How many cards do I resource?

✰ This is one of the most obvious, but most puzzling parts of shadow era. The correct answer is "as many as your deck needs", but here I shall state my personal DOs and Don'ts about resourcing.


  1. It is almost always a must to resource till 4, with HBM decks being the only exception.

  2. Only resource above 5 if you have 5cc cards in your hand that need to be played asap.

  3. Try to resource to a number that allows you to do your best deck combo Example Priests8r=TW+Jasmine WarriorsResources in (X x 3)+1, to do Kris attack+ Retreat combo (best with KP, War Banner or Aldon) Elementals8r= casting one ally + Energy discharge (8 resources with Feedback=ED+Feedback,PB+Gargoyle) Mages10 resource=double Supernova (certain death for all, powermove for a death race) Rogues9 resource=Jasmine+Aeon (best used with Lance, using his ability on Aeon) Hunters9 resource=Lily+Soul Seeker (gain one ally + one weapon) WulvernEither 10r for double PB (for MS) or 8r for DC (to allow him to cast BS + spells)


  1. Resource+cast spells without a draw engine, it sends you to poverty mode faster than you think. To put in perspective, if you started first and played a card+resourced without a draw engine:Turn1: 5 cards Turn2: 4 cards Turn3: 3 cards Turn4: 2 cards Turn 5:1 card (Poverty Mode)
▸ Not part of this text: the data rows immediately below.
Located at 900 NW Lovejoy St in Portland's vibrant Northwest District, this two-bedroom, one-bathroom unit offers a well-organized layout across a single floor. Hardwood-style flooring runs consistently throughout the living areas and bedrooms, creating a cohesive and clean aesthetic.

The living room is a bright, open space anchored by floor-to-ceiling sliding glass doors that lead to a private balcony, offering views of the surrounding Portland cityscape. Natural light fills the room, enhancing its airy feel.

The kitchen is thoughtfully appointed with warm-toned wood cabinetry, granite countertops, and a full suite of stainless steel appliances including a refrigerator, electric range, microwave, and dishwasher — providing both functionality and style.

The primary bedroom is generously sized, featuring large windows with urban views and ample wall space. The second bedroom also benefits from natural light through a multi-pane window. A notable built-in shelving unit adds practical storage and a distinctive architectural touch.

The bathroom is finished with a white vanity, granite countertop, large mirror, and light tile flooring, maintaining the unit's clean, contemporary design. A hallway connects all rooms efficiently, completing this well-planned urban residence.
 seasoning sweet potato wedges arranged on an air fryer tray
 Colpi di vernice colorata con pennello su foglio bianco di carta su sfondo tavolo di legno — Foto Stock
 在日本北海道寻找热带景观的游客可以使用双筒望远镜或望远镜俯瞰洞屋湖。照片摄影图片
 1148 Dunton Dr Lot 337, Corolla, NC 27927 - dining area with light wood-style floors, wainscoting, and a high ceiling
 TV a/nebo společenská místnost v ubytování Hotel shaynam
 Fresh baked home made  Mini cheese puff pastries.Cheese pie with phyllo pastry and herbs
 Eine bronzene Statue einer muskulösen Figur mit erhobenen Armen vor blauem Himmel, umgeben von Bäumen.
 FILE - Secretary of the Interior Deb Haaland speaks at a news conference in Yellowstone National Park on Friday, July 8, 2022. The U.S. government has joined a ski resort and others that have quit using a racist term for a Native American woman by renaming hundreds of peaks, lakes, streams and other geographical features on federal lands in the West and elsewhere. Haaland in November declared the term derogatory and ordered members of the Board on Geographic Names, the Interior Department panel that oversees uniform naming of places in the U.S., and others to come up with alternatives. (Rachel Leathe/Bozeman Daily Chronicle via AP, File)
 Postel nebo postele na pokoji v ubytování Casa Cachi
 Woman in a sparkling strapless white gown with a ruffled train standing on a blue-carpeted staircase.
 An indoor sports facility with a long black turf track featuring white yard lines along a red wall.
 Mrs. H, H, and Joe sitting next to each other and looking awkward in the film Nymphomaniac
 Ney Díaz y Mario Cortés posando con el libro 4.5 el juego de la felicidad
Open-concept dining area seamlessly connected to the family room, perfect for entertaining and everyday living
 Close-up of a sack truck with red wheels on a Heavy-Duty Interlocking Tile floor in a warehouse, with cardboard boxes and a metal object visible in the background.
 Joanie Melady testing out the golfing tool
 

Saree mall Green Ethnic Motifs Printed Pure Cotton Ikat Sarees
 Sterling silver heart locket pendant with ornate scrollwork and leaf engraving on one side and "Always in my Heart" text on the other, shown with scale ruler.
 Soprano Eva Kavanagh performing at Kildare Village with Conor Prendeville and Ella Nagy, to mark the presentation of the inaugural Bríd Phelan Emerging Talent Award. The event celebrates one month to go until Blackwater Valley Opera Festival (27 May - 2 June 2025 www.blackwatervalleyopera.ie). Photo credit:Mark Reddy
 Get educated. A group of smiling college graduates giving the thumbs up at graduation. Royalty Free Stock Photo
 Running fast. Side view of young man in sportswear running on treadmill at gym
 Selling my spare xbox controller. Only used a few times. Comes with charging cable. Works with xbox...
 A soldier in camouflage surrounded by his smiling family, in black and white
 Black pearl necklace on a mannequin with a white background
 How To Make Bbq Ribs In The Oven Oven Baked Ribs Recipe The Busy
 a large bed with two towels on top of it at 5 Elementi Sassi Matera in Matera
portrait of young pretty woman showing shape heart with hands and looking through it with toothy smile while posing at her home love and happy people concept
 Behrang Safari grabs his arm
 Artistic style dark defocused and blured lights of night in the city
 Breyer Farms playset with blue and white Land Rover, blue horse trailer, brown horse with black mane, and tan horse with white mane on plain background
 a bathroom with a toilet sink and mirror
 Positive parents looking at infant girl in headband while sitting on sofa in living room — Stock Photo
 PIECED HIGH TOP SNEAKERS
  2. Over resource, just for the hell of it. The more cards you resource, the less output your deck has (if you have 10 allies and your opponent has 10 counter ally spells, resourcing your allies may mean you have no more left to play)

  3. Do not resource randomly against a mill deck. When I played DC, I realised that a good 90% of players I went against did not notice my attempts to BS+Bazaar them to an empty deck. In my hand, I was keeping 2 Bazaars and extra Lonewolf just to prevent extra draw.